What You Need to Know About Avoiding Capital Gains Taxes on Real Estate


Imagine making $300,000 and not having to pay taxes on it. This is a tax break for homeowners who sell their home for gain–as long as they have lived in the house at least two years during the five years before the sale.

As a couple, you can shelter $500,000. This is important to note as the capital gains tax rate is 20 percent for people in the top tax bracket. As a result, it is imperative to have a clear understanding of capital gains tax.

Continue reading to learn more.

Rich People Aren’t the Only Ones Concerned with Capital Gains

If you sell a capital asset, capital gains taxes may apply. According to the Internal Revenue Service, almost anything you own can qualify as a capital asset. it doesn’t matter whether it is real estate, an investment in stocks, a car or a boat.
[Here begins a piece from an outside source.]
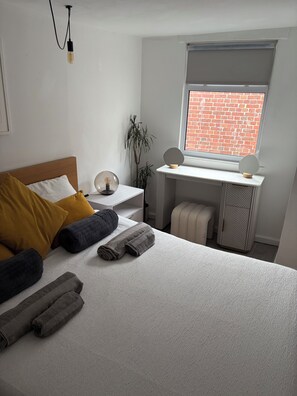 Un dormitorio moderno con cama, mesita de noche, escritorio y ventana con vistas a un muro de ladrillo.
Selling the item for more than your basis means the difference is a capital gain. When it’s time to file taxes, you will need to report that gain. Basis is what you paid for the item. This includes the cost, taxes, shipping fees and installation.
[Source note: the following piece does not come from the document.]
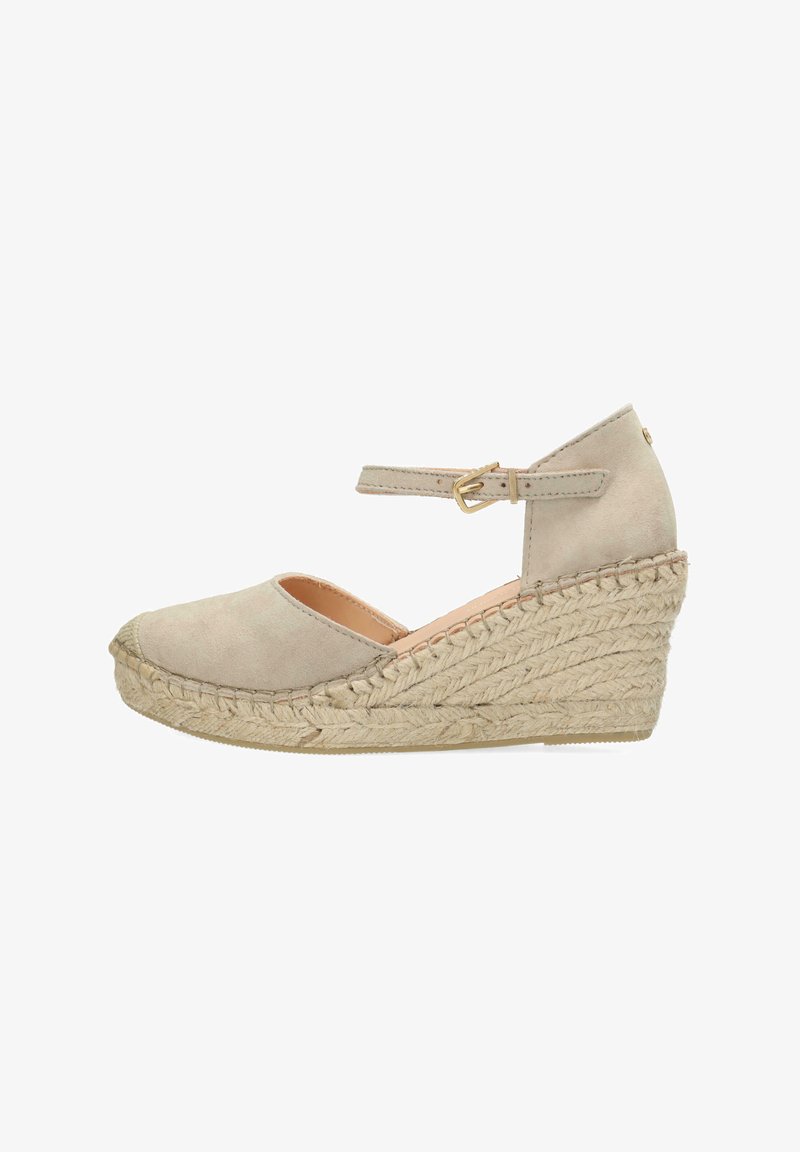 Beige suede wedge shoe with a round toe, ankle strap with buckle, and jute-wrapped heel. Features a smooth upper and textured sole.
In addition, if you spent money on improvements–that will increase the value of your basis. On the other hand, depreciation can reduce your basis.
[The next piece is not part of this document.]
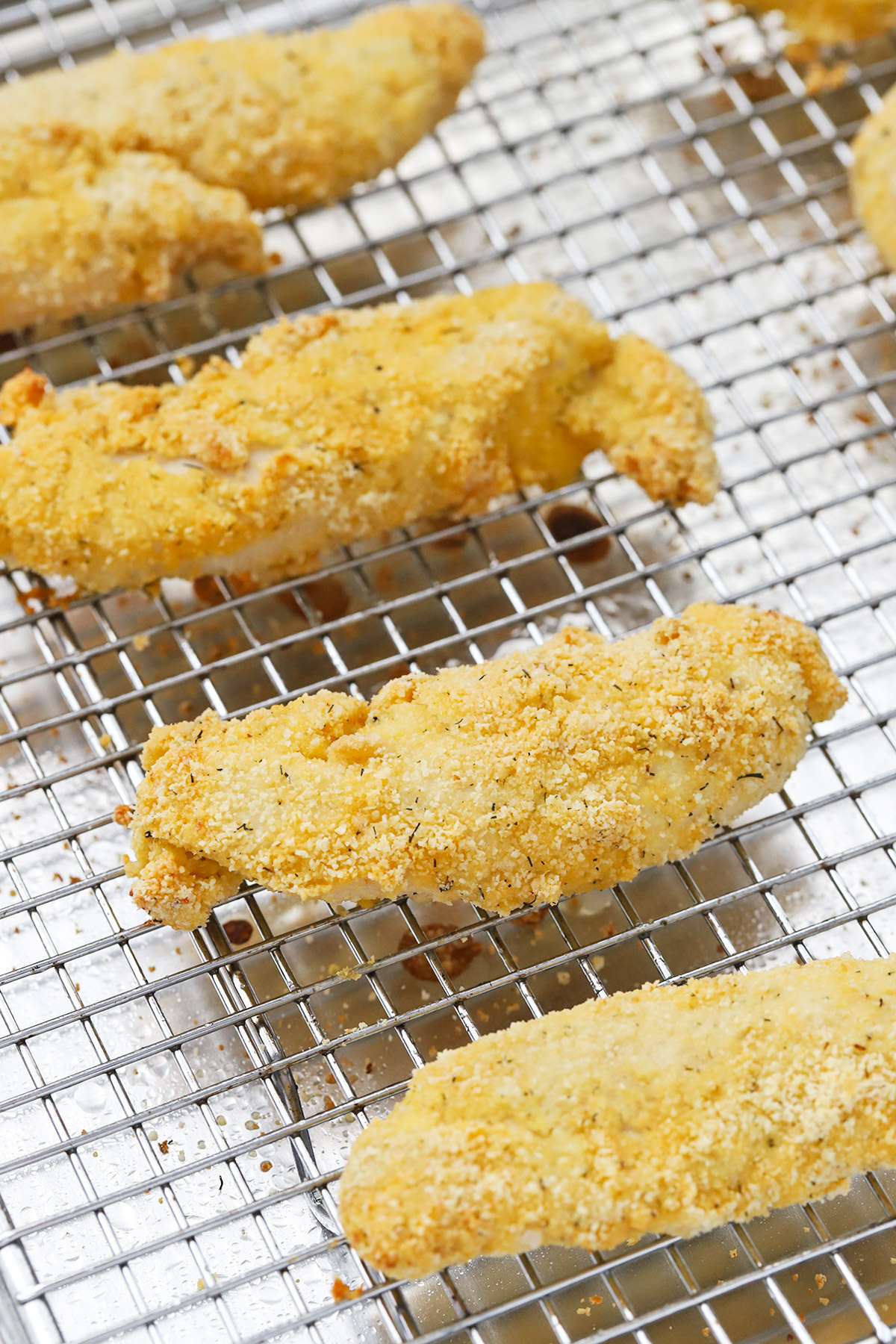 Paleo Almond Flour Chicken Tenders on a cooling rack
The Basics of Capital Gains Taxes

It is critical to note that there are two different rates for capital gains. This can help you decide how and when to sell your property.

1. Short-term capital gains.

These are taxed at ordinary income tax rates. To illustrate, it is the rate you pay on work, freelancing or interest income. Of course, this varies based on your full taxable income–but, it is usually between 10 percent and 39.6 percent.

2. Long-term capital gains.

You will get better rates on long-term capital gains. In fact, they can be as low as 0 percent to up to 20 percent–it depends on your income. You can qualify for these rates if you hold your property for a minimum of one year.

Special Rules for Home Sales

As stated earlier, there are particular rules around home sales. To achieve the full benefit of the IRS capital gain exclusion, you must have lived in your home for two of the last five years.

Then, you can qualify for the exclusion of $250,000 for a single home owner and $500,000 for a couple.

Proving Your Home’s Adjusted Basis

Over the years, you might have made improvements on your home. Check out the IRS’s Publication 523, which lists improvements that increase the basis. These types of improvements must last over a year and include:

  • Central air
  • New flooring
  • Landscaping
  • Sprinkler systems
  • Bathroom additions
  • Attic insulation
  • Alarm systems
  • Satellite dish

A simple repair is considered maintenance but does not add to the basis. The only way to include repairs as improving the home’s basis is if they are part of a comprehensive remodel.

Nonetheless, you must keep track of everything with records and receipts. Furthermore, you must know your gain and report it accurately.

Final Thought

As you can see, capital gains taxes can be confusing if you are uninformed. Start researching today to ensure you can make the most of your capital gains.